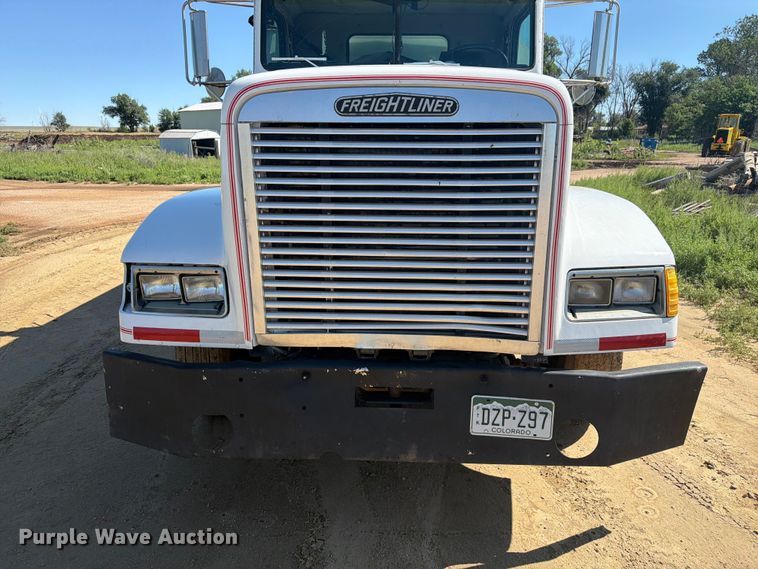 image for item FM7626 1994 Freightliner FLD120 water truck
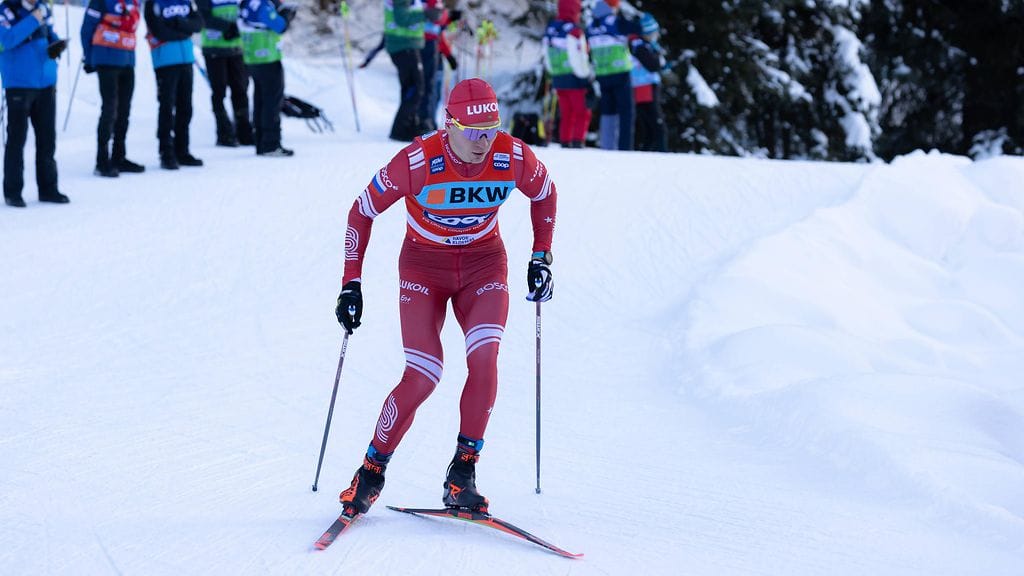 Aleksandr Bolshunovin ja muiden venäläishiihtäjien maailmancupkausi jäi kesken, kun FIS sulki heidät kansainvälisistä kilpailuista.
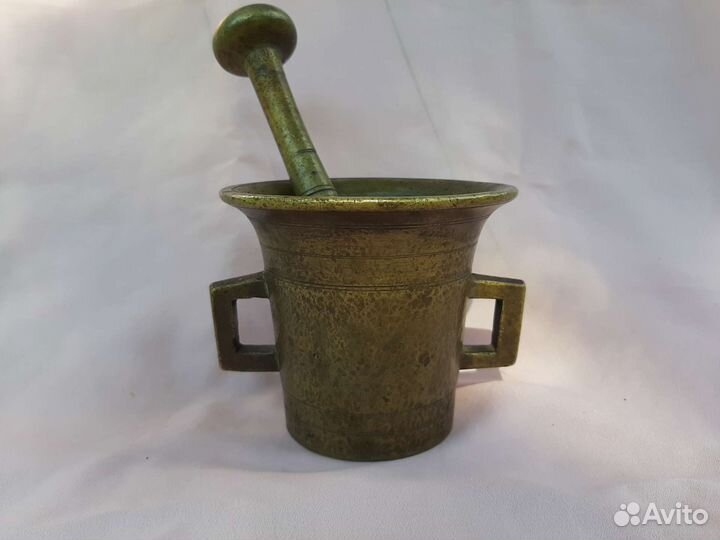 Старинная -антикварная ступка с пестиком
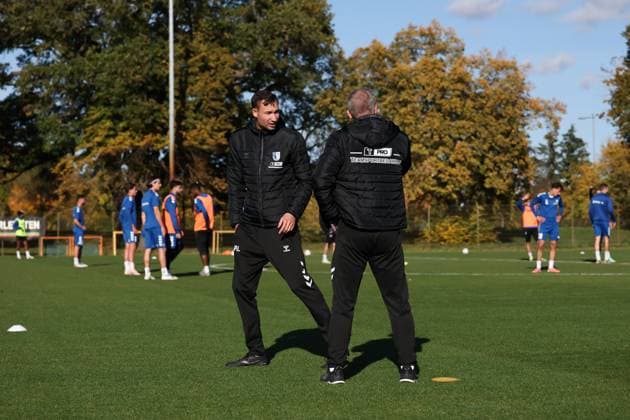 Trainer Pascal Ibold (l.,1. FC Magdeburg) und Trainer Petrik Sander (1. FC Magdeburg) - 2. Fußball Bundesliga Saison 2025-2026 Training 1. FC Magdeburg an der Avnet Arena in Magdeburg - Fußball,Mann,Männer,Deutschland,13.10.2025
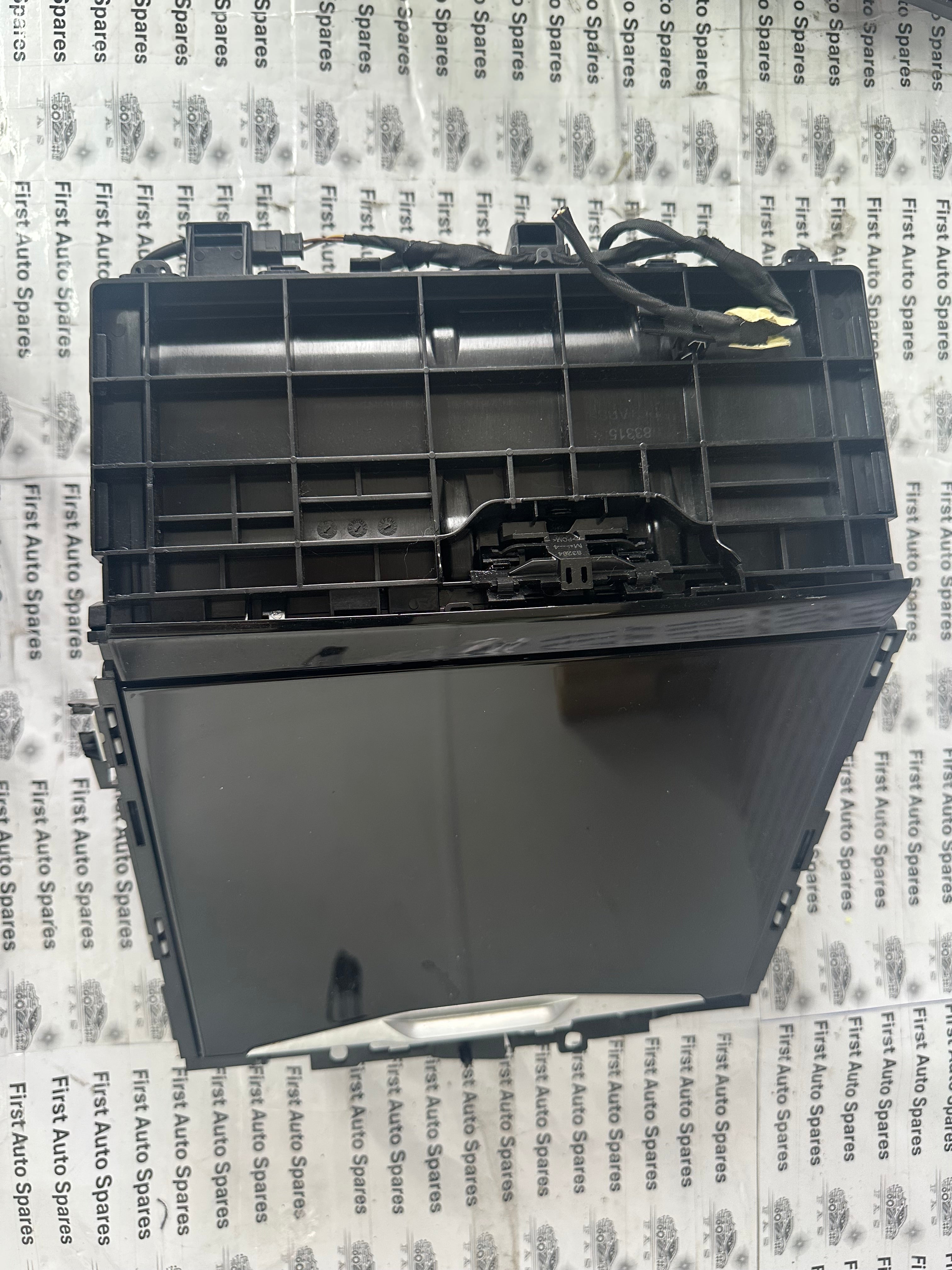 BMW 3 Series G20 G21 Centre Console Tray Front Storage Compartment (6806795)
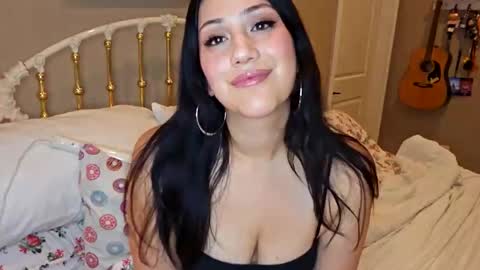 Snapshot of simonesighren chatting on 04/11/26, 04:50 simonesighren online show from 04/11/26, 04:50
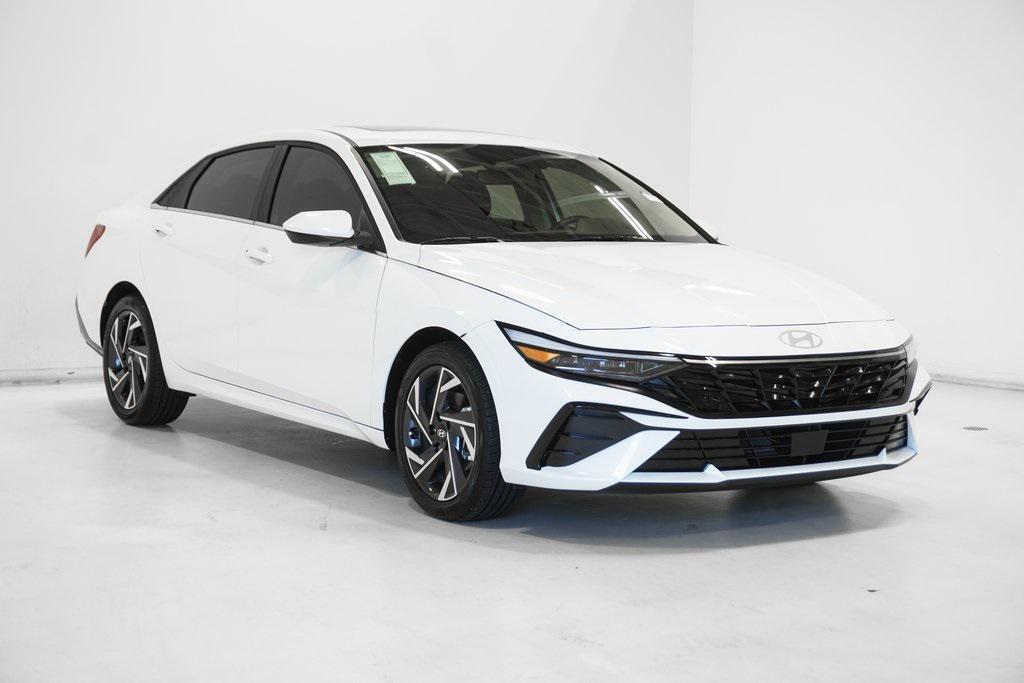 used 2025 Hyundai Elantra car, priced at $22,295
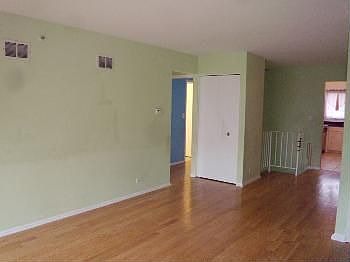 3rd image of 4110 Cove Ln #1A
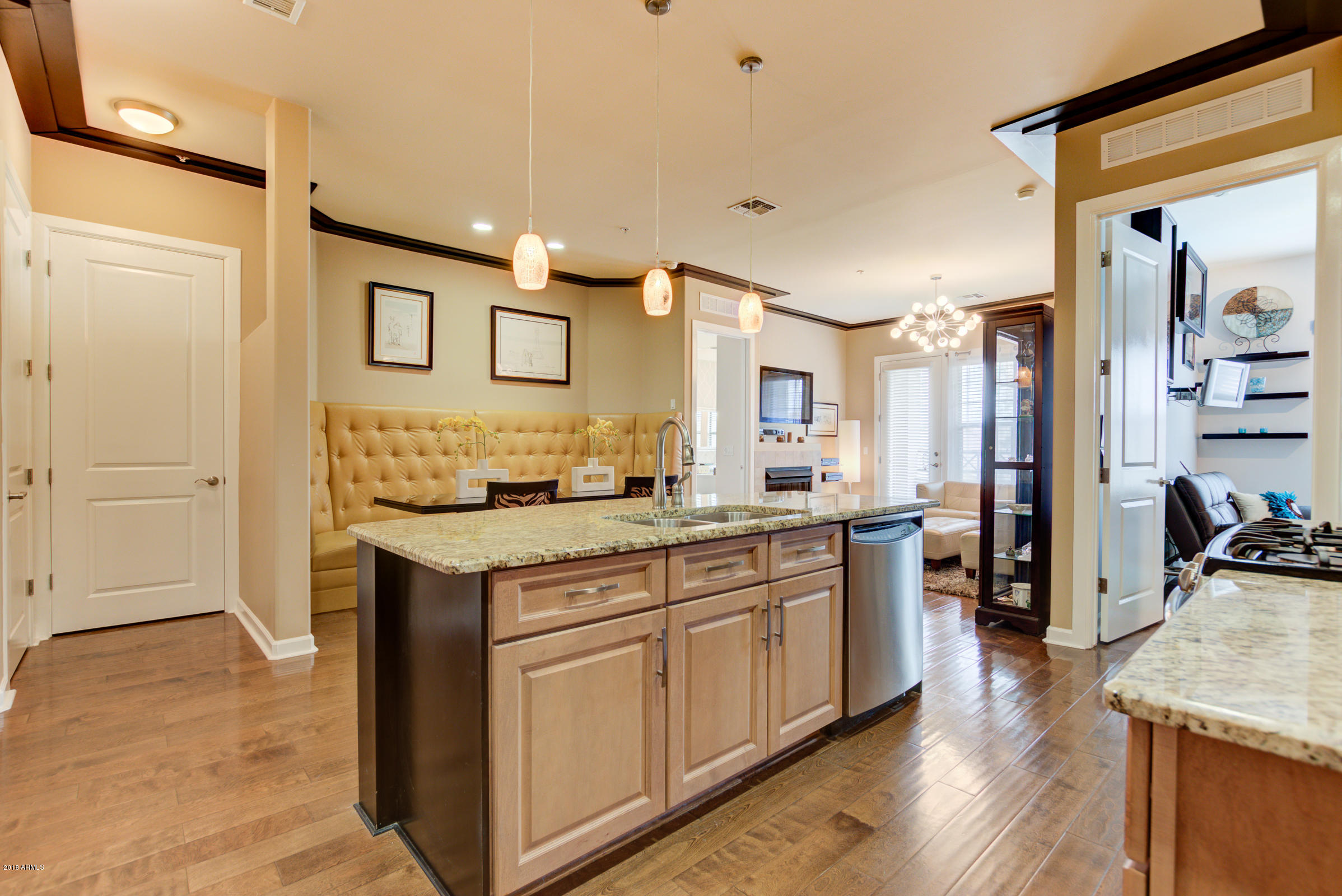 7291 North Scottsdale Road, Unit 4006 Paradise Valley, AZ 85253 - Photo 6 of 33 007_Kitchen II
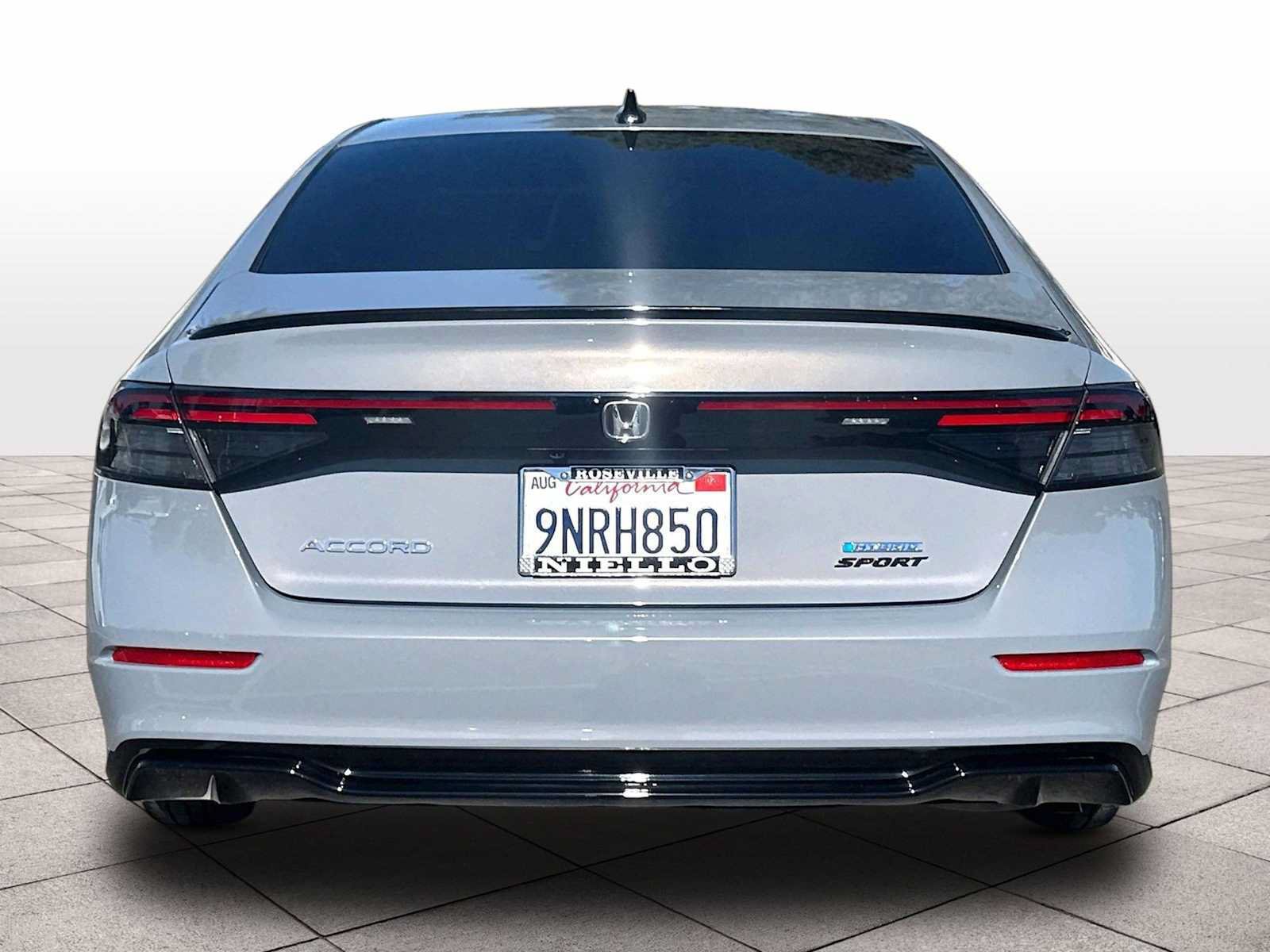 Used 2024 Honda Accord Sport image 7
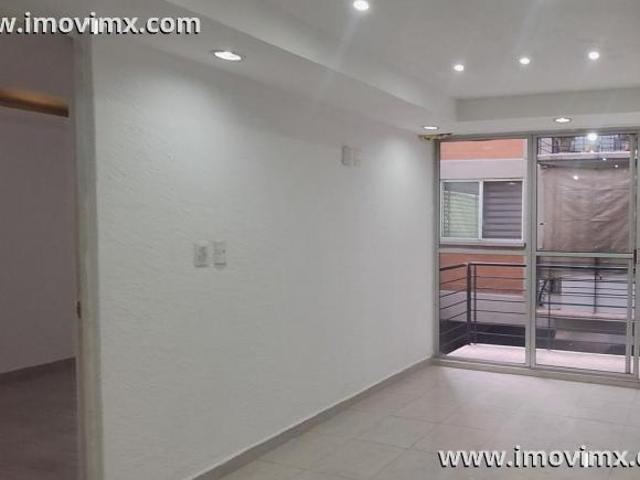 Departamento en primer piso con balcon en Agrícola Pantitlan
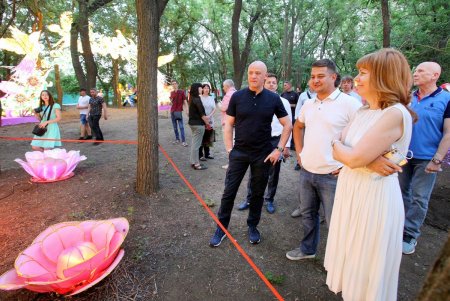 Выставка гигантских китайских фонарей в Савицком парке (фоторепортаж)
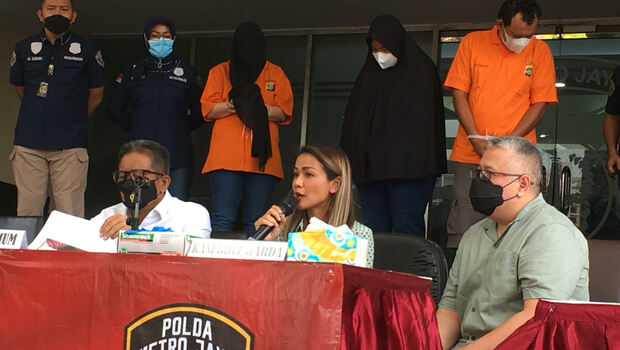 Artis Nirina Zubir (tengah) memberikan keterangan kepada wartawan terkait kasus mafia tanah yang menimpa diri dalam jumpa pers di Mapolda Metro Jaya, Kamis 18 November 2021.


# EXERCISE INSTRUCTIONS
Every line from the one containing "3rd image of 4110 Cove Ln #1A" through the end of the entries above is to be copied exactly; pictures are to be left out.

# COMPLETED EXERCISE
 3rd image of 4110 Cove Ln #1A
 7291 North Scottsdale Road, Unit 4006 Paradise Valley, AZ 85253 - Photo 6 of 33 007_Kitchen II
 Used 2024 Honda Accord Sport image 7
 Departamento en primer piso con balcon en Agrícola Pantitlan
 Выставка гигантских китайских фонарей в Савицком парке (фоторепортаж)
 Artis Nirina Zubir (tengah) memberikan keterangan kepada wartawan terkait kasus mafia tanah yang menimpa diri dalam jumpa pers di Mapolda Metro Jaya, Kamis 18 November 2021.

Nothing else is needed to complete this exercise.